Digital & sustainability: The new convergence
15 min read • viewpoint

Digital & sustainability: The new convergence

A critical combination for enhancing business value

By Michael Majster, Joeri Samyn, Victor Debray


Belgium • Partner

Joeri Samyn
Victor Debray


Digitalization and sustainability are top priorities for large companies and investors that increasingly are becoming inseparable. Digital technologies are central to company transformation and key for managing sustainability footprints. At the same time, these technologies can themselves be significant contributors to greenhouse gas (GHG) emissions. Since choices on either side impact the other, sustainability and digitalization decisions should be addressed together. In this Viewpoint, we show why corporations should place the integration of sustainability and digitalization at the top of their agenda, not just to meet stakeholder expectations but also to boost company value.


Digitalization & sustainability have become top value drivers for business

In today’s uncertain business environment with rising inflation, geopolitical risks, higher interest rates, and recession threats, digitalization and sustainability have truly risen to the top of the agenda. In a 2023 Arthur D. Little (ADL) global survey of 246 CEOs of large companies with revenues over US $1 billion (see ADL’s latest CEO Insights Report, “Turning Turmoil to Advantage: How CEOs Are Navigating Change to Drive Growth”), sustainability was found to be the top most impactful driver affecting growth, followed by digital technologies, including artificial intelligence (AI), automation, and robotics. Over 80% of CEOs now view environmental, social, and governance (ESG) as a source of competitive advantage. These results are also confirmed by the Forbes 2023 “State of Sustainability” survey, in which the share of companies that consider sustainability a priority rose from 26% to 43% in the last three years.

The same is true from an investor perspective, where operational improvement through digitalization remains the top operational lever for private equity (PE) firms to enhance the value of their portfolio companies.
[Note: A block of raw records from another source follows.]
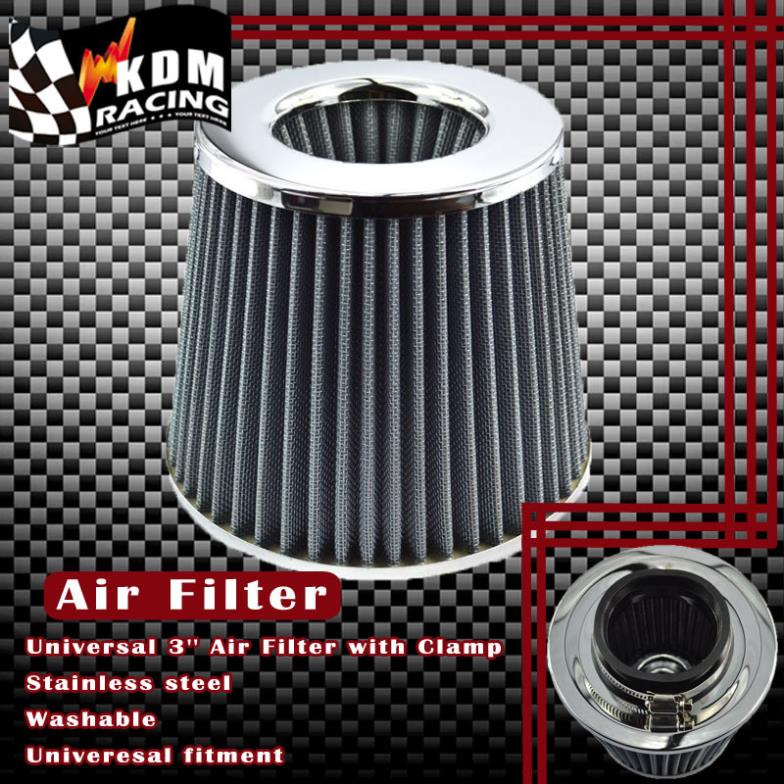Universal 3'' Inch Car Filter Air 76mm Car Air Filter High Flow Intake Cold Air Turbo Air Cleaner Red Blue Silver Carbon Fiber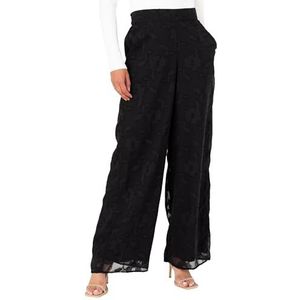 Lovedrobe Dames Palazzo Broek Dames Wijde Pijpen Broek Bloemenprint Chiffon Bottoms Smart Casual Party Kantoorkleding, Zwart 12, Zwart, 38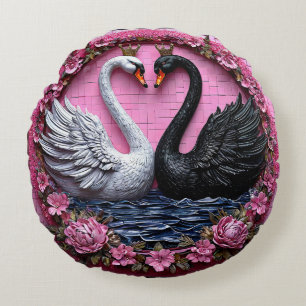 Cojín Redondo Cisnes negros y blancos elegantes con corona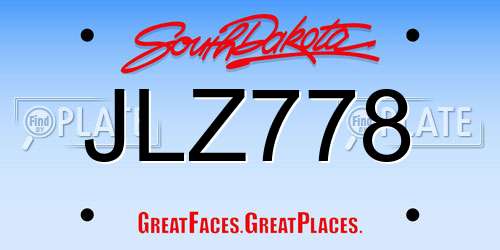 JLZ778 South Dakota License Plate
For example, in a 2022 ADL/Invest Europe joint survey (see “The Insight: Keeping an Eye on the Horizon”), over two-thirds of PE firms selected digitalization as the top lever, followed by acquisition. In the same survey, over 80% of PE firms expected ESG to increase in importance for daily operations, with new rules such as the Sustainable Finance Disclosure Regulation seen as creating new opportunities for the PE industry to deliver on climate and ESG results.

Understandably, digitalization and sustainability initiatives feature heavily in the strategies of investors and large companies looking to grow company value. However, in most organizations, these initiatives are still managed separately within different functions. This approach is becoming increasingly ineffective as digitalization and sustainability are rapidly converging, linked both in terms of management controls and impact. In this Viewpoint, we look in more depth at these linkages and how “digital sustainability” should be managed in an integrated way, not just to meet regulatory and stakeholder expectations, but also to significantly enhance business value.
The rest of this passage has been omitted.